2008年に高橋克徳氏が『不機嫌な職場』を出版した当時、職場にはイライラやピリピリした雰囲気をまき散らす上司が確かに存在した。そうした人物が職場の空気を支配し、ギスギスした人間関係を生み出す現象が各地で見られた。しかし、それから18年が経ち、コロナ禍も経て、職場の風景は一変した。
ピリピリ上司から萎縮する上司へ
高橋氏は「あの頃の『ピリピリ上司』は、いまや絶滅危惧種と言ってもいいほど見なくなった」と指摘する。現在の管理職はピリピリするどころか、むしろ萎縮し、落ち込んでいる人の方が圧倒的に多いという。その背景には、パワハラへの過敏な反応がある。少し強く注意しようものなら「それ、パワハラですよね」と返されるのがオチで、上司より上の役員や人事部に訴えられれば、自身の評価にも響く恐れがある。イライラした態度を外に出せる時代ではなくなったのだ。
困った人との向き合い方
高橋氏は、上司や部下、ご近所、配偶者など、身の回りに一定数存在する「困った人」に振り回されない方法を提唱する。厄介なのは、彼らの不機嫌やわがままに巻き込まれ、自分の機嫌まで損なわれることだ。しかし、相手と戦う必要も、相手を変える必要もないという。相手の性格を理解すれば、不機嫌なサインに早く気づき、適切に対処できるようになる。

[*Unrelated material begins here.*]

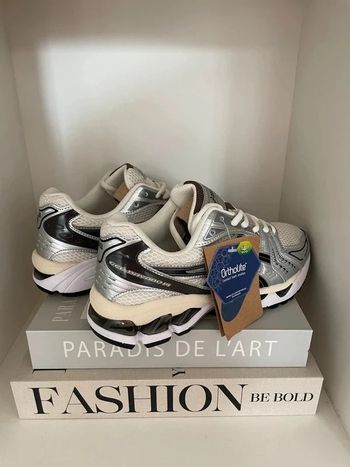 ASICS Gel-Kayano 14 Taille  39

高橋克徳氏はジェイフィール代表、武蔵野大学経営学部特任教授。1966年生まれで、一橋大学大学院、慶應義塾大学大学院博士課程単位取得。野村総合研究所などを経て2007年にジェイフィールの設立に参画し、現在はCo-CEOを務める。人材育成・組織改革手法の開発やコンサルティングに取り組み、著書に『職場は感情で変わる』などがある。
現代の職場環境の変化
高橋氏によれば、2008年当時と比べて職場の人間関係は大きく変化した。かつては不機嫌な上司が職場の空気を悪化させていたが、今では管理職が部下の反応を恐れて萎縮する傾向が強い。この変化は、パワハラ防止法の施行や働き方改革の影響も大きい。しかし、困った人がいなくなるわけではなく、むしろその存在にどう対処するかが新たな課題となっている。
高橋氏は、職場の困った人から自由になるには、一対一で挑むのではなく、職場全体の空気を変えることが重要だと説く。個人で対抗するのではなく、周囲との関係性を調整し、良い感情の連鎖を起こすことで、結果的に困った人の影響力を弱めることができるという。